The motivation for this new concept is the need for organ donations. It is a timely addition to the conversation about Planned Parenthood’s practice of selling body parts “harvested” from aborted babies. Planned Parenthood has plenty of opportunity to “harvest” all sorts of human tissue from the bodies of babies whose mothers chose murder rather than birth for those babies. This practice is an affront to the human race, as well as affront to God, and it is to be hoped that voters in the USA will soon find it in their hearts to put an end to it.

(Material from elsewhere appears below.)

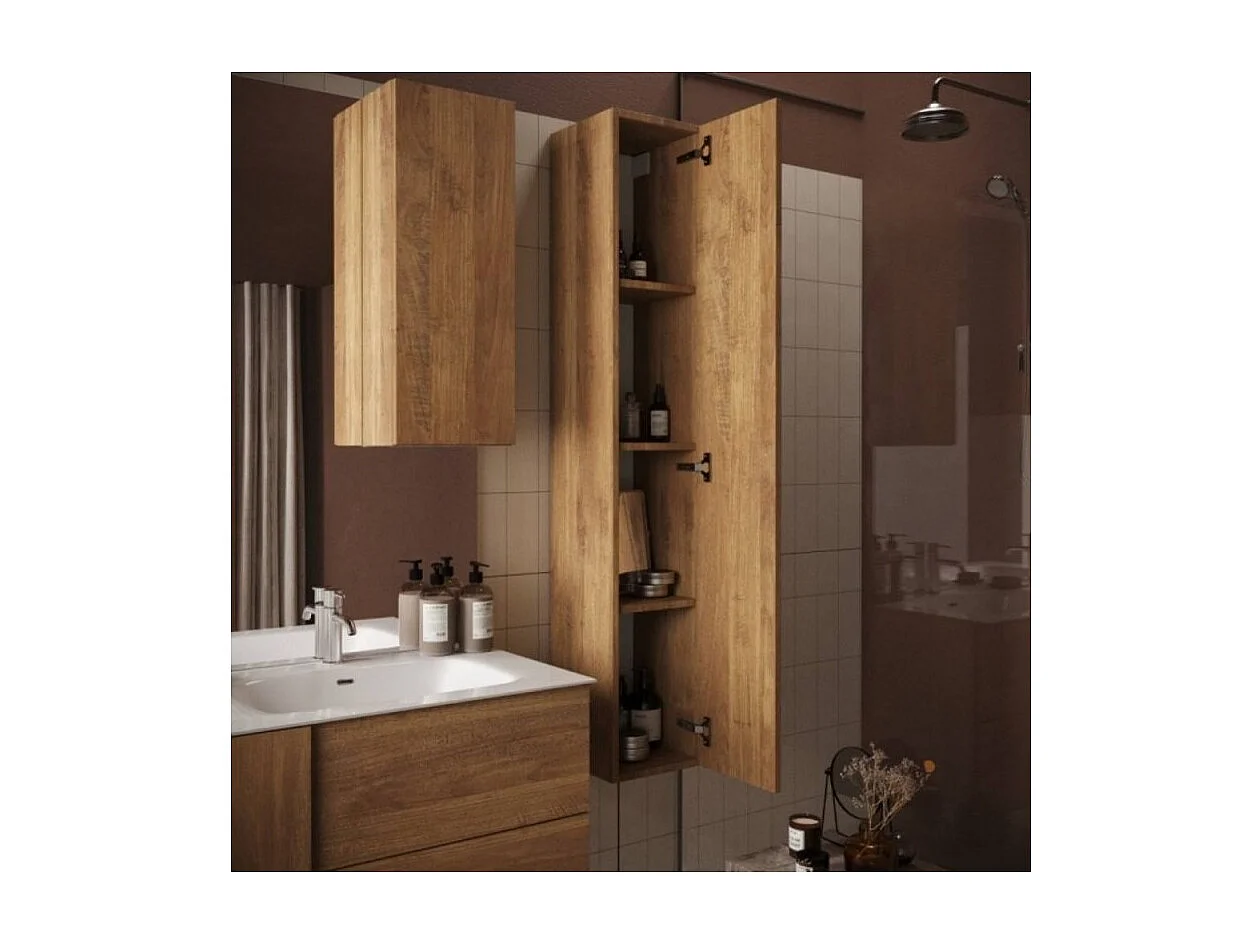 Hanging storage column with 1 door, dark wood finish, H138 cm - JUPITER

Belgium’s contribution strikes at the other end of human life. Belgium already had a law in place that allows patients who experience unbearable suffering to choose assisted suicide instead of treatment intended to sustain life. However, those patients would presumably have poisoned the very organs someone might want to “harvest” for transplant. Assisted suicide is achieved by injecting poisons into the patient’s bloodstream, and death occurs because of the effect of the poisons on the human body. Presumably, organs from a body tainted by injected poison would not be considered good for organ transplant.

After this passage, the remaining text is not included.